/---

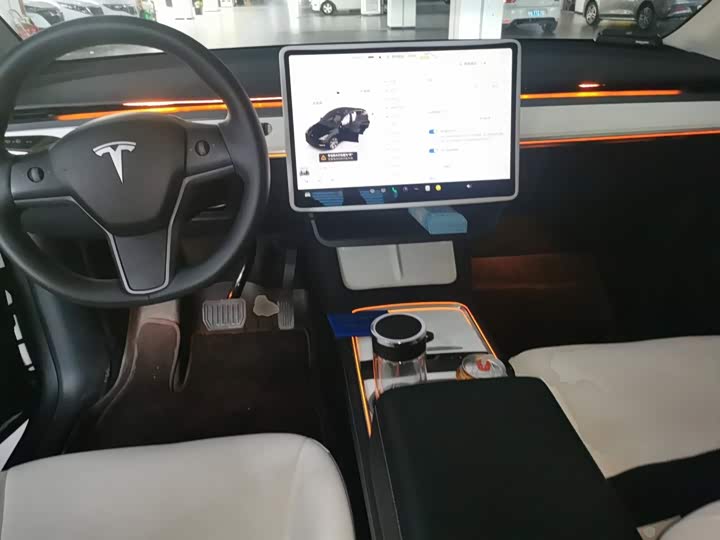 Tesla Model Y, 2022 — фото 6 из 9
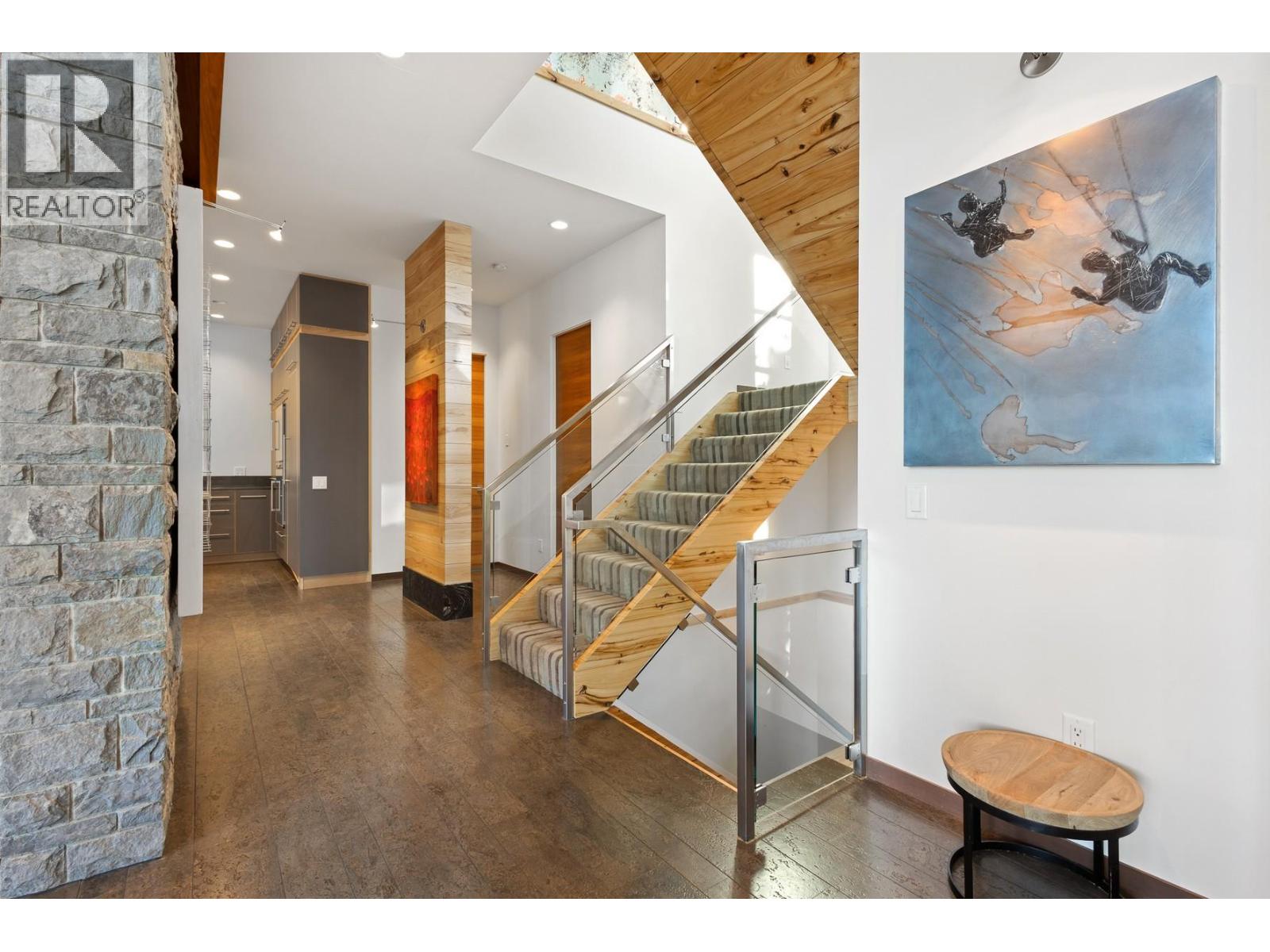 4896 Lakeshore Road, Kelowna, British Columbia  V1W 4H7 - Photo 43 - 10377596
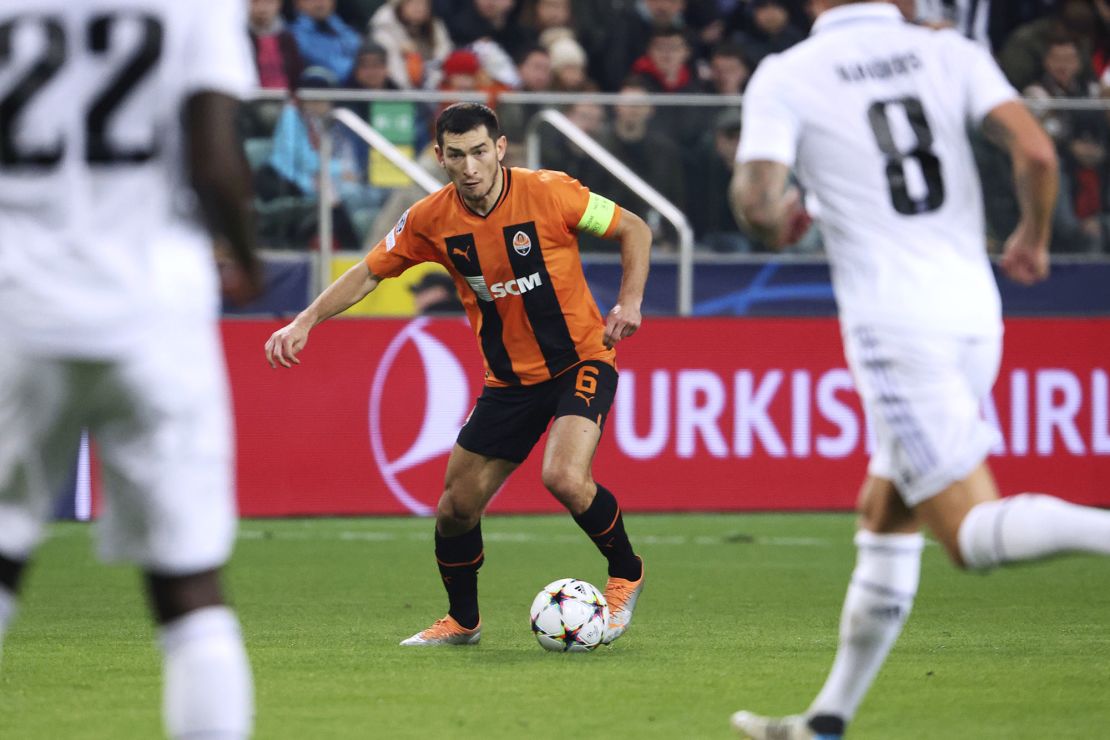 Stepanenko playing for Shakhtar Donetsk against Real Madrid on October 11, 2022.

\---

Work order: Set the listing down in full and exactly. Pictures within it should not appear in the copy.

Task result:
 Tesla Model Y, 2022 — фото 6 из 9
 4896 Lakeshore Road, Kelowna, British Columbia  V1W 4H7 - Photo 43 - 10377596
 Stepanenko playing for Shakhtar Donetsk against Real Madrid on October 11, 2022.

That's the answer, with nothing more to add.